Cast: The two main characters Daphne (Phoebe Dynevor) and Simon, the Duke of Hastings (Regé-Jean Page) are the most eligible of all, and therefore become the centre of attention. They play their parts well, creating a chemistry that spills over into erotic scenes that are particularly well done. All the supporting actors are good, the standout being Lady Danbury, played by the splendid Adjoa Andoh.
Filming and setting: The filming is extravagant and settings are elaborate. We get to see inside the homes of the privileged, the gentlemen’s clubs, the houses of ill-repute and other sporting activities that tend to keep the upper classes amused. Intriguingly, we hear music that has yet to be composed, along with technological advances yet to be invented.
Personal Comments: Interestingly the drama reimagines English society during the Regency era, bringing together a multicultural cast, in the way of the 2020 film The Personal History of David Copperfield. But unlike Copperfield, Bridgerton provides a useful explanation for this reimagining – that when king George III married Queen Charlotte, a Black woman in the series, he bestowed titles upon people of colour, thus advancing an inclusionary society (it is interesting to note that some writers argue that Queen Charlotte was indeed Black https://protect-au.mimecast.com/s/F_OvCGvmpxh1Zl4P4uK6gzO?domain=theguardian.com). Yet there are indications that it is not a fully equal society. As Lady Danbury makes clear, members of the Black aristocracy still need to be careful not to do anything that may threaten their status as it could just as easily be withdrawn. Unfortunately these, and other interesting narrative opportunities, are skimmed over and we are treated to a very shallow drama – in the running for the silliest I’ve seen in quite some time. Just to be clear, I enjoy a clever farce. But while there is some wit and a few memorable cutting remarks in Bridgerton, there is no master, or mistress, wordsmith here.
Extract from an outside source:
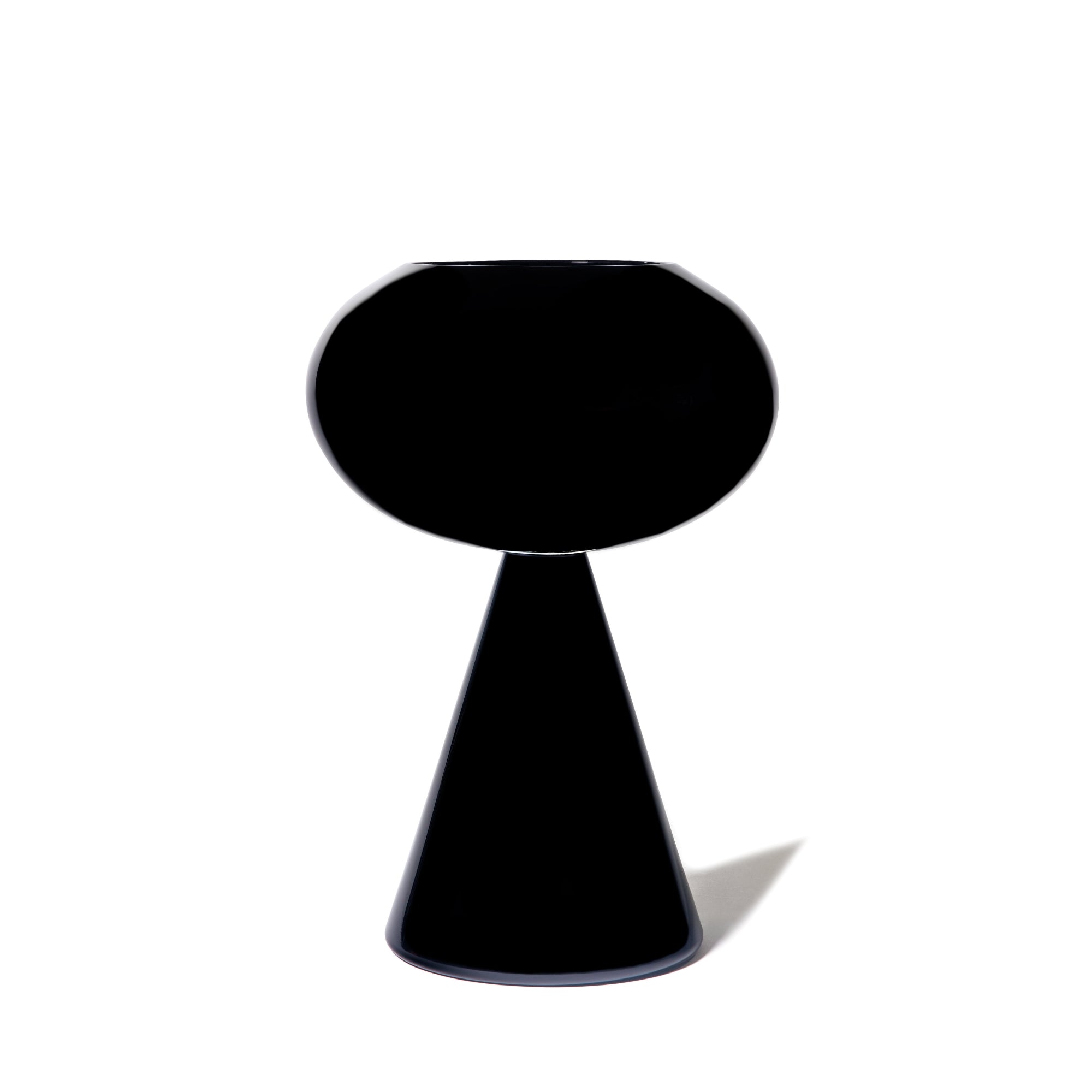 Joe Cariati Fiorelli Concave Pedestal – Glass Vessel in Obsidian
Or at least not enough to complement the silliness. Instead, the series clings to predictable old messages. For women – aspire to become a princess (or duchess), find a good husband (or any husband for that matter), and devote your life to being a good wife and mother. For men – sow your wild oats with women who don’t matter, then, once married, become decision-maker and protector of the household. In adopting these fundamental memes, you will be assured ‘happiness-ever-after.’ Clearly Bridgerton chooses to be progressive in some areas and not in others.